The recent move of hardware vendors that designs dedicated hardware-assisted Trusted Execution Environment (TEE) [11], [12], [13], [14], [15] inspire us with the idea that applying these TEEs to the Edge Computing infrastructure. The TEE provides an isolated execution environment which remains secure even the system software on the device is compromised. In case of Edge Computing, the edge nodes are more vulnerable than the cloud devices since they are dispersedly distributed and have a large attack surface, and the deployment of the TEEs would guarantee the security of the sensitive information and computation on the compromised edge node.

Unlike the PC platform, which is dominated by the Intel x86 architecture, the architecture of edge nodes in Edge Computing is heterogeneous (e.g., Intel, AMD, ARM, MIPS, PowerPC) Meantime, the hardware vendors with different architectures provide a variety hardware-assisted TEEs. The most popular TEEs include Intel Software Guard eXtension (SGX) [12], [13], [14], ARM TrustZone Technology [11], and AMD Memory Encryption Technology [15]. Intuitively, applying these TEEs on the heterogeneous edge platforms would be a natural choice to gain a higher security.

In this paper, we study the hardware-assisted TEEs provided by the hardware vendors and evaluate the performance of these TEEs to help analyze the feasibility of deploying them on the edge platforms. Specifically, we first study the Intel SGX on a fog node following the Intel Fog Reference Design [16]. Since the infrastructure of Fog Computing is similar to the Edge Computing, we consider the fog node as a suitable candidate of the edge node. Meanwhile, the low-power consumption makes the ARM architecture to be a serious competitor to the x86 architecture on the edge platform. Thus, a study of ARM TrustZone technology on the ARM Juno development board [17] is presented in this paper. Finally, AMD processors are well-known by their low price, which is also a critical
The main contributions of this paper are:

- We present a preliminary study of popular TEEs including Intel SGX, ARM TrustZone, and AMD SEV. Our study shows that adopting TEEs to heterogeneous edge platforms is convenient.
- We conduct extensive experiments with the TEEs on real physical platforms including Intel Fog Node. The result shows that the performance overhead introduced by existing TEEs is low.
- We show that deploying existing TEEs to Edge Computing can efficiently improve the security of the platform with a low performance overhead.
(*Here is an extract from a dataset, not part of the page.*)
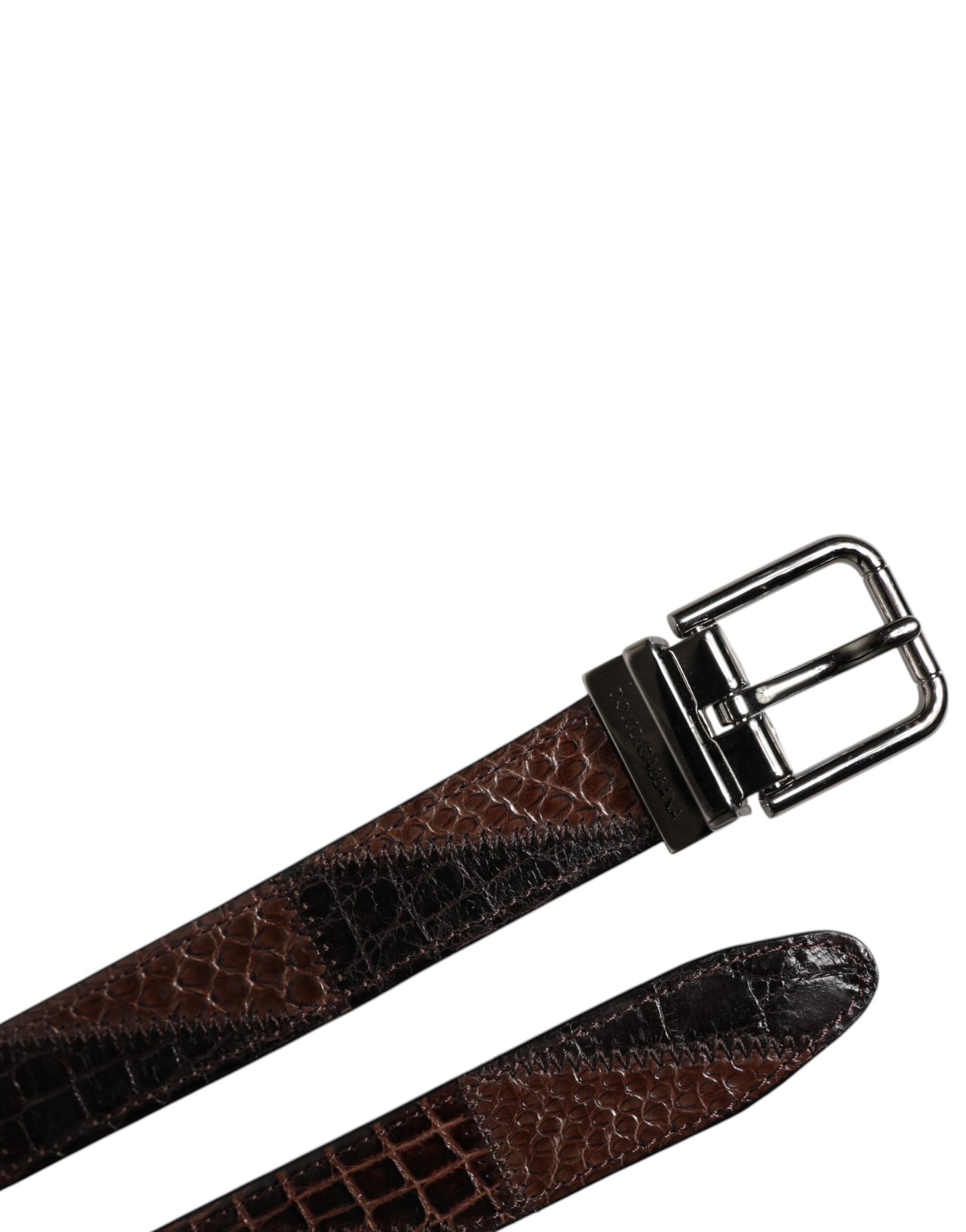 Ceinture Dolce &amp; Gabbana en cuir exotique marron avec boucle en métal et logo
The rest of the paper is organized as follows. Section III presents the analysis of Intel SGX and the performance evaluation on the Intel Fog Node. Section IV investigates ARM TrustZone technology and the performance overhead of TrustZone. Section V discusses AMD SEV and introduced performance overhead. Section VI presents the future direction of our research and Section VII concludes this paper.

II. RELATED WORK

**Edge Computing.** Shi et al. [3] provide a comprehensive study on the vision of Edge Computing. Wu et al. [7] analyze the opportunities and challenges of applying Edge Computing to the smart firefighting. [6], [8], [18], [19] use the edge infrastructure to achieve video analysis. Chen et al. [5] make the attempt to deploy an edge-based robot system. [1], [20], [21] discuss combing the Edge Computing with the vehicle systems. The performance of the Edge Computing is analyzed in [9] and [10].

**Trusted Execution Environment.** [22] performs a survey on existing Trusted Execution Environments (TEEs), and [23] presents the challenges of these TEEs. [24] surveys the trustworthy computing on the mobile and wearable systems. MemSentry [25] proposes a framework to harden modern defense systems with the hardware features including TEEs. VC3 [26] uses the Intel SGX to secure the data analytics, and Ninja [27] leverages the ARM TrustZone technology to improve the transparency of debugging and tracing.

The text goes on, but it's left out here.